By Case Kenny

Kanye attitude, Drake feelings.

This is what to look for in a partner.

Have you ever noticed how we tend to think and talk about relationships?

I wish I was in a relationship. I don’t want to be single anymore. I need to be in a relationship. I want THAT relationship.

Instead of looking for the right person we look for the right relationship. But when we do that we lose sight of the very qualities of the person that make a relationship right or wrong for us. We see the forest instead of the trees.

We need to focus on the person again. Closely and intentionally!

I think you should look for someone who has Kanye attitude and Drake feelings.

Don't look for a relationship. Don’t picture a relationship. Focus on looking for a person who has Kanye attitude and Drake feelings first and foremost.

Attitude.

Not an attitude that says I’m a bad b**** look at my swag kinda thing.

Do they have conviction? Do they have something that guides them? Do they have a stubborn sense of being? A drive? Motivation?

You should look for someone who wants to be better, who is curious and energized and wants more, who when they don’t know the answer to a question… they look it up!
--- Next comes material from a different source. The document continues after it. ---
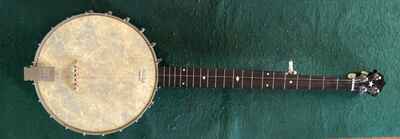 Antique S S. Stewart (1890-1894) 5 String Banjo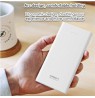 Orsen E41 Power Bank 10000mAh white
Someone with attitude simply has an internal fire.

Just as they are driven to become more themselves, they encourage the same in you.
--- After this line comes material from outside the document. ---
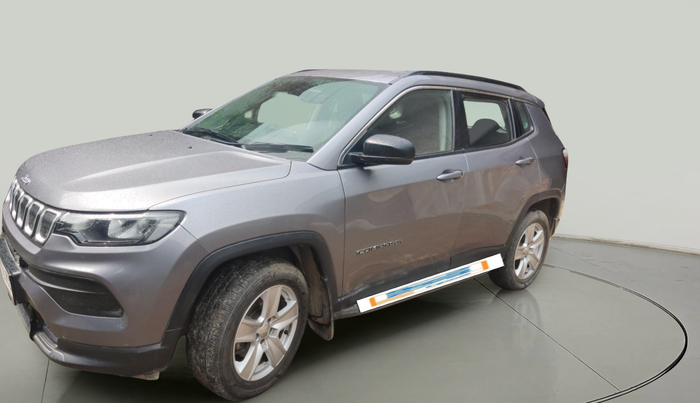 2021 Jeep Compass SPORT 2.0 DIESEL, Diesel, Manual, 59,024 km, exterior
They support your passions, your hobbies and your career. They understand when you cancel plans last minute because you have a project you're working on. They understand your drive and would never give you an ultimatum to pick them or your growth.

It’s someone who is stubborn in a good way. It’s someone who fights for themselves and their growth.

Why does that matter? Because someone who does, I’ve found, is willing to do the same for you. They’ll fight for you, be there and be stubborn FOR you just as they are for themselves.

That is attitude.

You also need balance and that’s where the homie Drake and his feelings come in.

Feelings.

Quite literally feelings. Emotions. Being vulnerable. Being honest. Is that person willing to admit they’re wrong? Are they willing to say how they’re feeling? Or do they make you second guess everything?

Do they make you feeling lonely? Do they make you question your worth? Do you know exactly how they feel because they have no problem saying it? Do you know your worth because they tell you how worthy you are?

Feelings can take a lot of different forms but in my experience, it means looking for someone who is capable of having a deep and emotional conversation.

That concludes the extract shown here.